Apenas era un niño cuando recibí mis primeros conocimientos políticos mediante las charlas radiofónicas que ofrecía el profesor Juan Bosch con motivo de la campaña para los comicios del 20 de diciembre de 1962. Previamente, el triunfo de la Revolución Cubana y la caída de Trujillo, llenaron de entusiasmo a la juventud dominicana. Ese entusiasmo contagiaba a los menores.
Bosch ganó con poco menos del 60%, pero la alegría no duró mucho. Vino el derrocamiento, el Triunvirato, la Guerra de Abril, la Intervención Militar, la imposición de Balaguer y el terror político de los doce años. En ese ambiente correspondió desarrollarme y militar desde temprana edad en el PRD, hasta llegar a su Comité Ejecutivo Nacional al iniciar los 90.
Con la muerte del doctor Peña Gómez, en 1998, y su ascenso al poder, en el 2000, el PRD inicia un proceso de derechización, abandona sus orígenes, se desconecta de los sectores humildes e interrumpe las relaciones internacionales, hasta convertirse a lo que es hoy y que el suscrito había anticipado, hace varios años, en este mismo diario.

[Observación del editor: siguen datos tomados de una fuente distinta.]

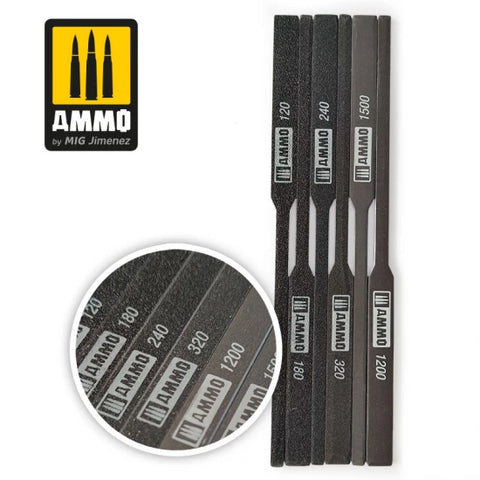 AMMO by Mig Jimenez 8567 Tapered Sanding Sticks (6pcs, grits: 120, 180, 240, 320, 1200, 1500)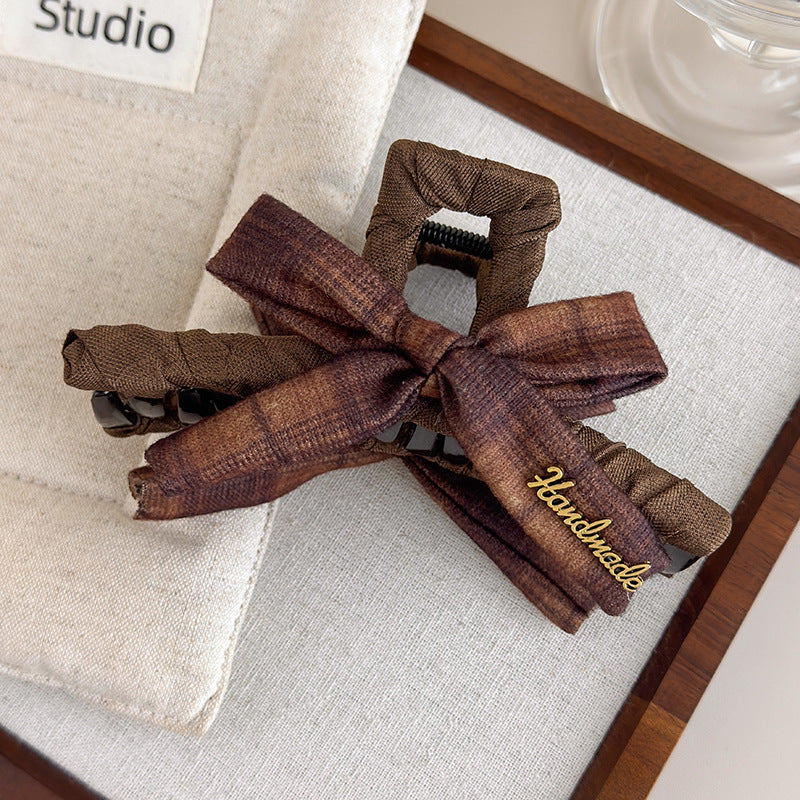 E관 - 체크 패턴 리본 디자인 집게핀 [27659] 25.11-2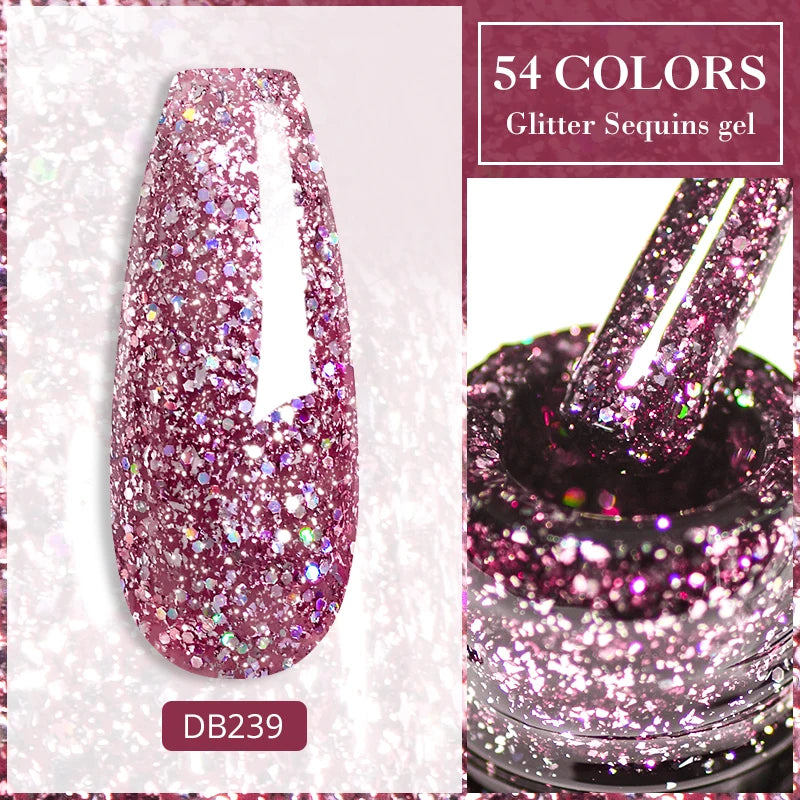 Mtssii Glitter Sequins Gel Nail Polish – Sparkling Soak-Off UV/LED Gel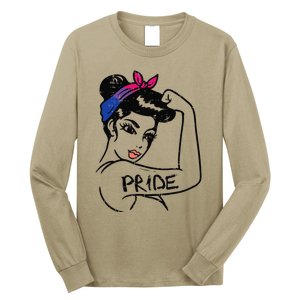 Unbreakable Strong Woman Bisexual Pride Bi Flag LGBTQ Gift Long Sleeve Shirt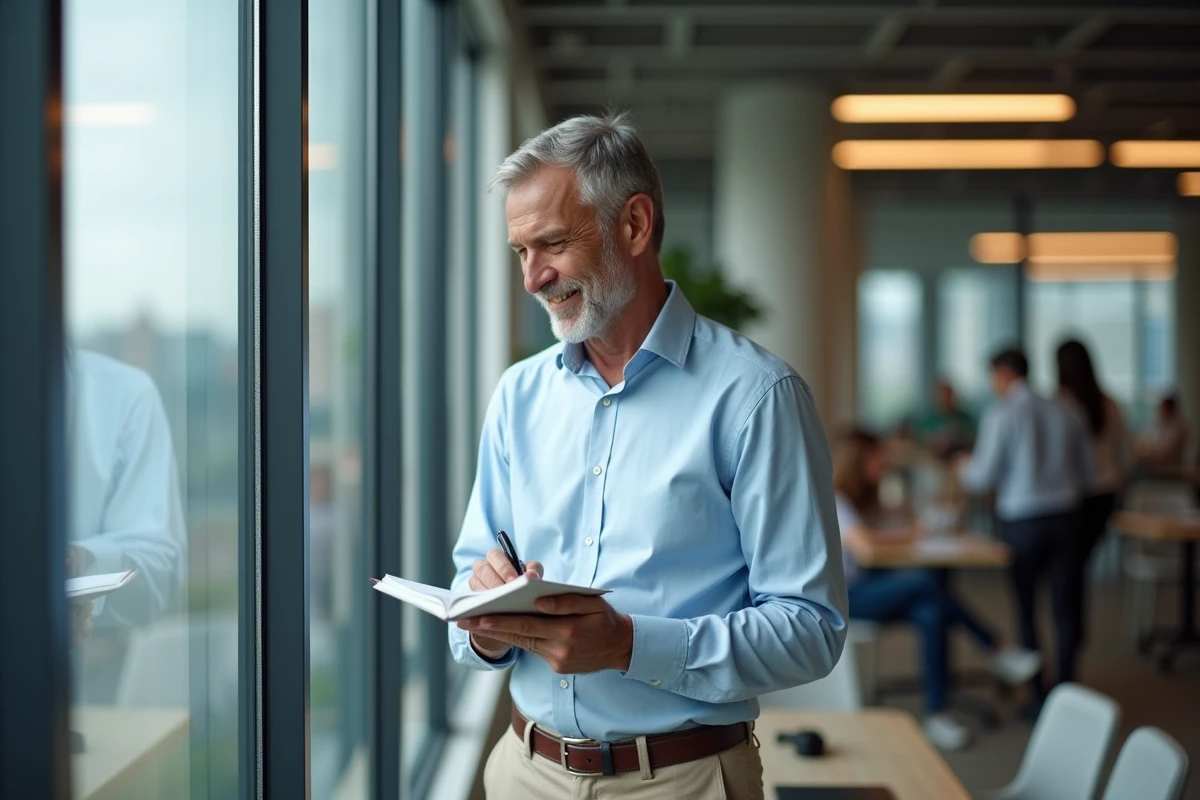 Homme en coworking prenant des notes près d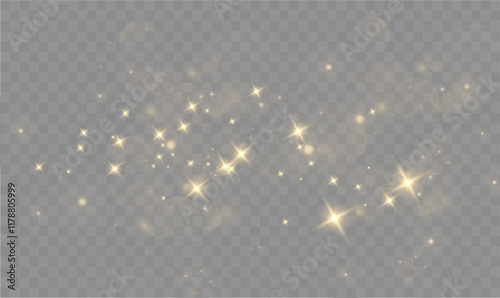 Christmas dust glowing bokeh confetti light and glitter texture overlay for your design. Festive sparkling gold dust png. Holiday powder dust for cards, invitations, banners.	
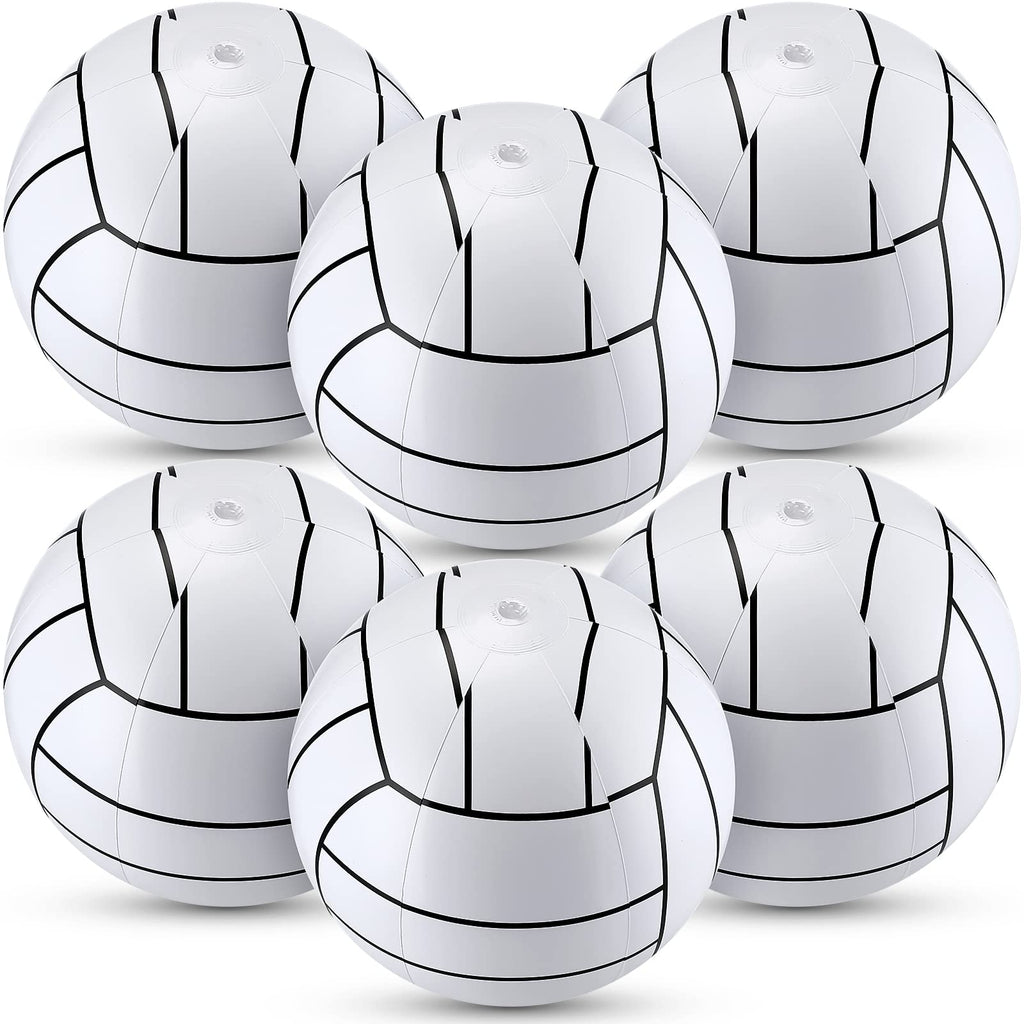 Jerify 12 Inch Inflatable Volleyballs - 6 Pack White/Black Stripe Beach Balls for Pool Party Supplies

Hace 4 años y varios meses que no pertenezco a ningún organismo del PRD, pero a finales del año pasado el doctor Esquea Guerrero me solicitó su colaboración en sus aspiraciones a la presidencia de esa organización. Consciente de sus cualidades éticas, acepté. Hice aportes en comunicaciones, pero el proyecto no prosperó. Fue el último intento que hice por salvar el PRD, entidad a la que no tengo que renunciar, porque no me encuentro en ella.
Y hago la aclaración pública, porque el 99% (por no decir el 100%) de los dominicanos que me conocen, me atribuyen militancia perredeísta. Inclusive, muchos aspirantes a posiciones buscaron mi apoyo y ahora me procuran precandidatos a senadores, diputados y síndicos, a los que simplemente les puedo desear suerte.
Milité durante décadas en el PRD, pero sentido no tiene que una persona que actúa por las convicciones descritas más arriba se apegue a una sigla que lo ha perdido todo.